Exercise requirements: Of the entries below, return only those lines from the line with "Donald Duck Sees" to the line with "Умивальник Rea Sami", exactly, both included.

Data in this exercise:
——

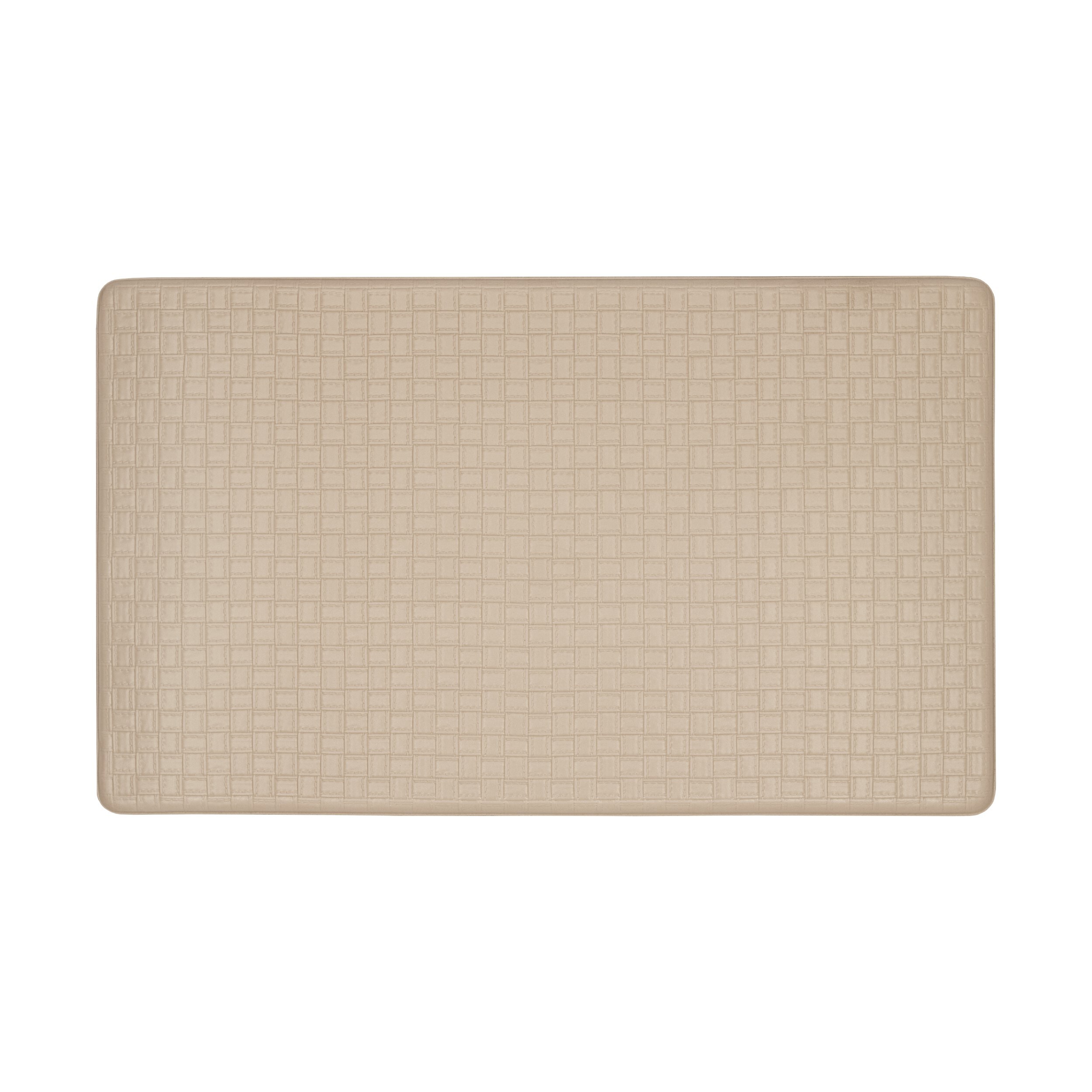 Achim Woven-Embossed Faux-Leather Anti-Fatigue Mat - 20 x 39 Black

——

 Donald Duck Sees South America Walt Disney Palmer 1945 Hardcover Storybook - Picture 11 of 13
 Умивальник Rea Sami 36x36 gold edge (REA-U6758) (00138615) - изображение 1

——

Result:
 Donald Duck Sees South America Walt Disney Palmer 1945 Hardcover Storybook - Picture 11 of 13
 Умивальник Rea Sami 36x36 gold edge (REA-U6758) (00138615) - изображение 1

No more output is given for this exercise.